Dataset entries
━━━━━━━━━━━━━━━━━━━━
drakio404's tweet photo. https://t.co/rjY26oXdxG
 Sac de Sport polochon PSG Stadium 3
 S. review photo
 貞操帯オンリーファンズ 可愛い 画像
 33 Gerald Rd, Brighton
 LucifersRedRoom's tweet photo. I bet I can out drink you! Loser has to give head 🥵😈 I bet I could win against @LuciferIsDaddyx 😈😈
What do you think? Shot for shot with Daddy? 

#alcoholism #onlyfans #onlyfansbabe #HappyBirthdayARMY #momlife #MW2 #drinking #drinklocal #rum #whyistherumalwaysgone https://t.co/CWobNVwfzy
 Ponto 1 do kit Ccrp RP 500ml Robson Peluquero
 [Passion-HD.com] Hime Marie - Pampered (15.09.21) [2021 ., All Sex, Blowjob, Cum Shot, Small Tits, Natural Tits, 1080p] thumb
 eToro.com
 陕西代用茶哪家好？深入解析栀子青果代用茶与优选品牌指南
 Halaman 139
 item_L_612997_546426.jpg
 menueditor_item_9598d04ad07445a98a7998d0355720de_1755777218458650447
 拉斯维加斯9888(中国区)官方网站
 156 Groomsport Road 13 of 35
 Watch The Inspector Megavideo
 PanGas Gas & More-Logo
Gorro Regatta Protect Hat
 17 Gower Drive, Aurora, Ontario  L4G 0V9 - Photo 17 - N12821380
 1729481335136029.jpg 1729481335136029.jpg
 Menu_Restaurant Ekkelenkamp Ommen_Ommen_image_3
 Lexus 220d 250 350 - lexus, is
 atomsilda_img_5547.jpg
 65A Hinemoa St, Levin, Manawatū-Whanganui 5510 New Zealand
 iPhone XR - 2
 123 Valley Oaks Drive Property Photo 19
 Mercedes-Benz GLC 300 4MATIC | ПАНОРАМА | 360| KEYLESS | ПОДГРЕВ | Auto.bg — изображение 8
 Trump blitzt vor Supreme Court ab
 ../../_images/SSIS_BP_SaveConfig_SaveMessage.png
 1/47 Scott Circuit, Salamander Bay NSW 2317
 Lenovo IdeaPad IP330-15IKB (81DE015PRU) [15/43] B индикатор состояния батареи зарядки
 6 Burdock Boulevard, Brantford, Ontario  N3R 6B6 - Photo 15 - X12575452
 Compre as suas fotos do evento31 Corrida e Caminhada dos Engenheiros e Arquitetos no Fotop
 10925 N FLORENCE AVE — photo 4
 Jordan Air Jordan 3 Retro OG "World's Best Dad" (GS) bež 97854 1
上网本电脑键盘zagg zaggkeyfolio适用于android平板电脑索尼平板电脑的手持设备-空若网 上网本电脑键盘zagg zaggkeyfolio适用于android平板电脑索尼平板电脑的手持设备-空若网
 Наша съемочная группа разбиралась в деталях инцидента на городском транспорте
━━━━━━━━━━━━━━━━━━━━
- _ACTIVITY_
Which lines of the data above contain the string "Drive"? Copy each of them.

- _SOLUTION_
 17 Gower Drive, Aurora, Ontario  L4G 0V9 - Photo 17 - N12821380
 123 Valley Oaks Drive Property Photo 19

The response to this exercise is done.